By Leo Wolfson, Cowboy State Daily
A debate featuring all five Republican candidates for Wyoming’s lone U.S. House seat will be open to the media, the debate’s host has announced.
WyomingPBS, after first announcing Thursday’s debate in Sheridan would be closed to both the media and public, on Tuesday announced that Sheridan College had decided to allow credentialed media to cover the event in person. There was no mention of allowing members of the public to in person.
The debate, which begins at 7 p.m., will be live-streamed.
Terry Dugas, general manager for WyomingPBS, did not specify that it was Sheridan College’s decision to close the event to the media and the public, but he credited the Sheridan Press newspaper for convincing the college to allow media access.
Dugas said the safety of the candidates and WyomingPBS staff was a primary concern in the original closure.
“Daily, there are news reports of political figures and public servants being assaulted,” he said. “Even in Wyoming, political figures receive death threats. One of the candidates even describes such a death threat on his Facebook page.”
Sheridan College President Walter Tribley would not personally respond to questions about the decision.
“For reasons related to the safety of all in attendance at the event, I am not responding to questions about the event at this time,” he said in a Tuesday morning email.
Dugas said PBS was also concerned about the possibility of a vocal supporter disrupting the live event.
“The intense passion among supporters of all the candidates led us to close the debate to the public,” Dugas said. “We were not asked to do this by any of the candidates.”

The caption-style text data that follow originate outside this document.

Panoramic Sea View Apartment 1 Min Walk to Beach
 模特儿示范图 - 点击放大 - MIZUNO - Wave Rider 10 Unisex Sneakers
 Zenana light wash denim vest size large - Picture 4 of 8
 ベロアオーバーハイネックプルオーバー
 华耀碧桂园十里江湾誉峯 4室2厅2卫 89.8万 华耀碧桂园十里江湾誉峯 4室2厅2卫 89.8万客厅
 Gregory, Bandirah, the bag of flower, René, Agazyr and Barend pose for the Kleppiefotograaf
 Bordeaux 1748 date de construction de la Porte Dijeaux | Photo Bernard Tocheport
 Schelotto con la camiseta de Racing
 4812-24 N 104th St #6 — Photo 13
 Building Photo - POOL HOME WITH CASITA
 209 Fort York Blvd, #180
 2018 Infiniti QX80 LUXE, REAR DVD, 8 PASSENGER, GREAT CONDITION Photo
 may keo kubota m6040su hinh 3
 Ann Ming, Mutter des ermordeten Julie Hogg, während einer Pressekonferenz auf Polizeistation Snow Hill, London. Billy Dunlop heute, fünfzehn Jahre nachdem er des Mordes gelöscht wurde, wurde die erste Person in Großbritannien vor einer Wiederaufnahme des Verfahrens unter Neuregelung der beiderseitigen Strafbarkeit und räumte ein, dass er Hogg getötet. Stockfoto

Several of the candidates taking part in the event told Cowboy State Daily they did not ask for the debate to be closed. State Sen. Anthony Bouchard, R-Cheyenne, blamed incumbent U.S. Rep. Liz Cheney, but Cheney’s press manager Tammy Hooper said the Cheney team had no input on the decision and were simply given the same rules and guidelines as the other candidates.
None of the candidates said it was their preference to have the debate closed and Harriet Hageman and Denton Knapp said they wanted it open.
Last week, Dugas said PBS would confer with the “security team” for the event, which he said made the decision to close the event to the public. He did not disclose the identity of the security team.
The debate’s moderator said he and PBS both worked to open the debate.
“As the moderator for Thursday’s upcoming Republican U.S. House Debate, I am very pleased about this announcement,” said Craig Blumenshine, debate moderator. “The moment I learned this event would be closed to the press, I fought back hard, and my former colleagues at WyomingPBS did as well. It is the right decision to allow a free and independent press to cover the event in person.”